Ray Rothrock

Nuclear Power after Fukushima Daiichi

In Energy on April 23, 2011 at 2:57 pm

The nuclear power plant crisis at the Fukushima Daiichi in Japan is certainly devastating.  A major public health disaster seems to have been avoided, but the disruption to the citizens living in the surrounding area is severe, and will continue for a very long time.

The effects of the nuclear crisis pale when compared to the loss of life and property from the earthquake and tsunami. And, by any and all measures, the affected plants performed better than expected, and the other nuclear power stations in the area of the earthquake reached cold shutdown states without incident.  Nevertheless, these nuclear crises, like the ones in the past, have badly scared people – and have the potential to derail the construction of new nuclear power plants at a time when we need them to meet the world’s growing energy demand.

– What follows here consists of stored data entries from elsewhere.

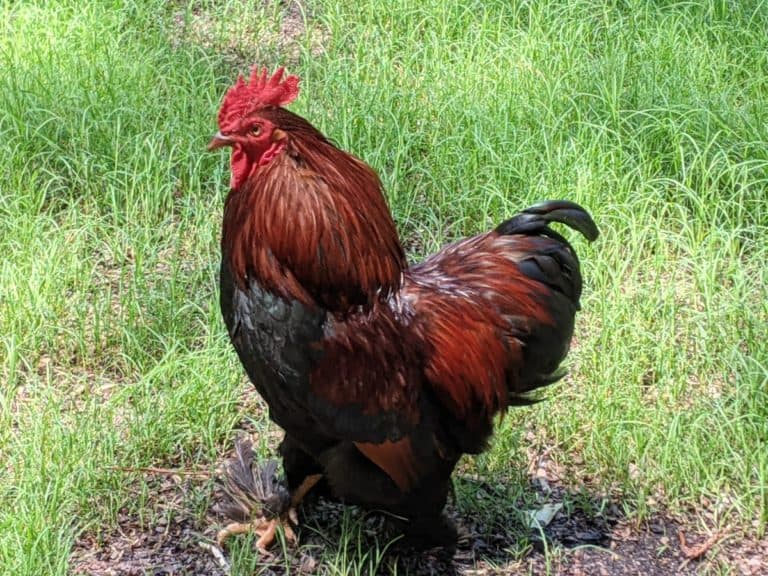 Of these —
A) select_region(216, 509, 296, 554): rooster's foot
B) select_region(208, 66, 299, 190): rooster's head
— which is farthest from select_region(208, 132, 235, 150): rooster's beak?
select_region(216, 509, 296, 554): rooster's foot

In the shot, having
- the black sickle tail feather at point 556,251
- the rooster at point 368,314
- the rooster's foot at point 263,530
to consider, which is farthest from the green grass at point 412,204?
the black sickle tail feather at point 556,251

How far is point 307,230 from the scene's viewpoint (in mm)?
2914

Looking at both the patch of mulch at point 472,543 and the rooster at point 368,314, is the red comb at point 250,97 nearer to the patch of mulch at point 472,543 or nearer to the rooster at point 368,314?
the rooster at point 368,314

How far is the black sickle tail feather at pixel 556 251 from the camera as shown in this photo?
10.8 feet

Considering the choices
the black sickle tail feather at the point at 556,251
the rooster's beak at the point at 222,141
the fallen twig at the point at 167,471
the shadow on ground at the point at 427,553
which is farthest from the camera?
the fallen twig at the point at 167,471

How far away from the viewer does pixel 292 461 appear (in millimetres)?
3504

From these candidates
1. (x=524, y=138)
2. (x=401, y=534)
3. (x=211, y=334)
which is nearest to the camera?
(x=401, y=534)

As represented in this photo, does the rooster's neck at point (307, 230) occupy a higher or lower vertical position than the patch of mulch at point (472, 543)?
higher

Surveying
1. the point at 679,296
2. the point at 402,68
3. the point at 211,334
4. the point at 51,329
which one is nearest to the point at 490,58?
the point at 402,68

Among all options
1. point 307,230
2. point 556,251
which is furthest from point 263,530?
point 556,251

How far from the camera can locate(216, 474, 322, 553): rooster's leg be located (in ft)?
11.5

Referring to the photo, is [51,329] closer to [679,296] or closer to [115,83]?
[115,83]

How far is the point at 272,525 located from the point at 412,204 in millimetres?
1699

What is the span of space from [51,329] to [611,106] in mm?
2642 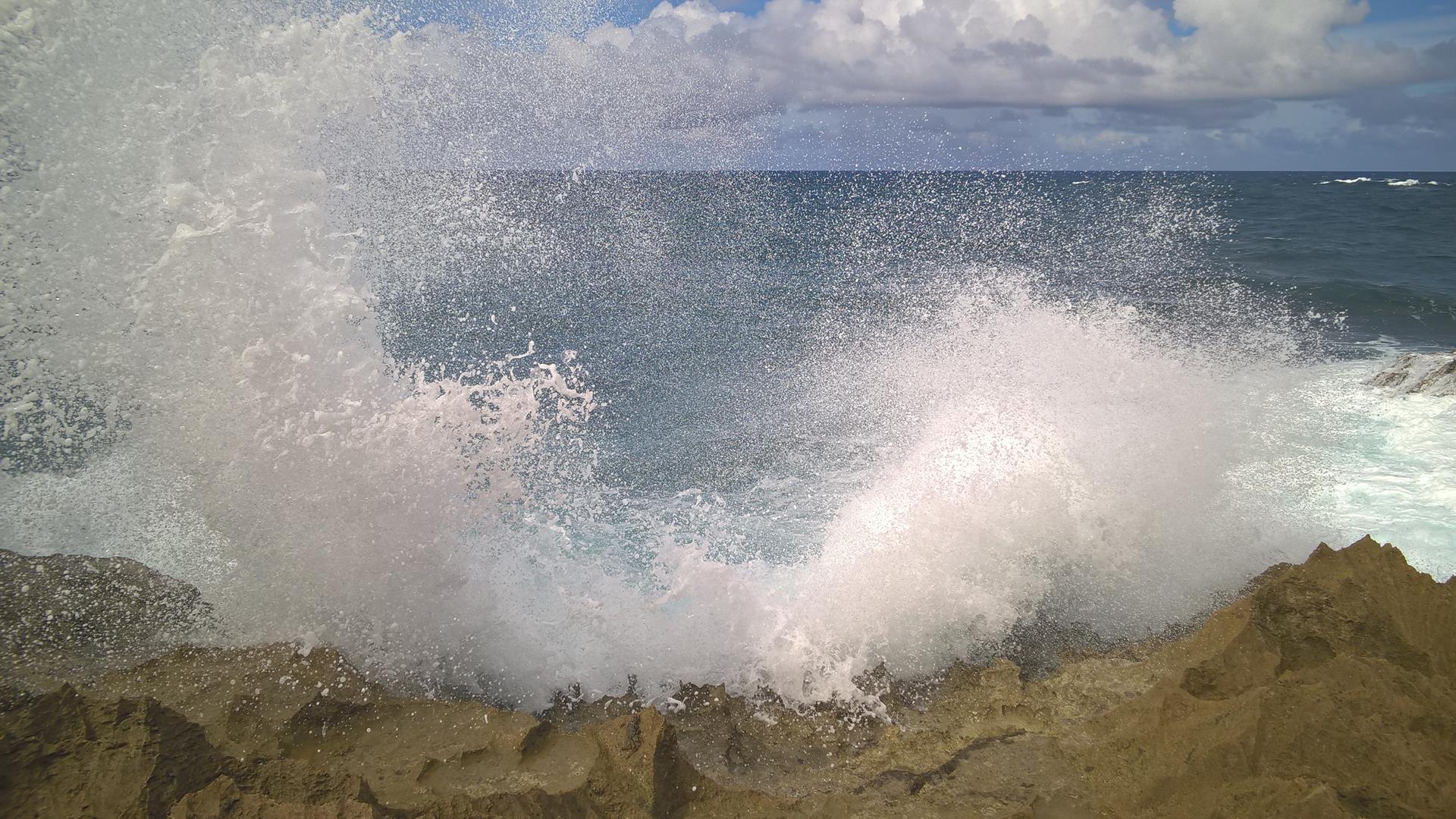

Nuclear power has always been a polarizing topic for the public.  For decades nuclear power has enjoyed a majority of public support, but the anti-nuclear movement has been loud, sustained and effective. At times nuclear power is a national political issue, sometimes a local political issue, but always an issue based on the fear of what might happen if a nuclear plant had a core meltdown. We’ve seen the images of the effects of radiation on the populations of Hiroshima, Nagasaki and Chernobyl. The health and safety aspects of the debate will likely never end.

At the same time, the need for non-carbon sources of electricity continues to mount all over the world.  Emerging economies can’t get enough electricity and are constructing nuclear plants as quickly and as practically as they can.  Why? Because the scale and concentration of electricity from nuclear power is unsurpassed compared to any alternative.  Nuclear power, even with the handful of incidents of the last 33 years, continues to produce 13-14% of the world’s electricity in an economical, safe and reliable way.  It has a capacity factor approaching 85%, far greater than any other source of electricity, and produces no green houses gases.  By every measure – land use, pollution, fuel cycle impact, human life – nuclear power remains an important source for electricity.

So, while the fear of nuclear power remains in the minds of a minority of the populace, its benefits are measured daily and shared by all – and its presence in our global energy mix is inevitable, at least for the near term.

The lessons from Fukushima are still being learned.  It stands to reason that there will be rethinking about fission as a source of electrical power.  Nations such as Germany, Switzerland and Italy have already drawn a conclusion regarding nuclear power and concluded to ban it going forward. But these bans were already a foregone conclusion – Fukushima only cemented them.

In contrast, just a few days after Fukushima, President Obama reaffirmed that the United States remains committed to nuclear power and that nuclear power must play a role in meeting the future energy needs of the United States along with all the other viable alternatives.  China also quickly reaffirmed its commitment to press ahead with nuclear power – post Fukushima China reaffirmed its Five Year Plan of building 400 GWe nuclear over the next 40 years.  That would be four times the nuclear power output of the United States today.

The United States and China are pressing ahead with their nuclear plans for one simple reason: electricity is essential for growing industrialized economies. As people seek better standards of living, they consume more energy. That energy today can only come in sufficient quantities from electricity or oil.  Those governments have little choice but to proceed with new electric plant construction with the best available technology – nuclear or other.

Consider China. Its economy has been growing 10% per year for a decade, and it can barely keep up with the demand for electric power.  It brings a gigawatt scale coal plant online every week and continues to expand it nuclear fleet now with 26 plants under construction.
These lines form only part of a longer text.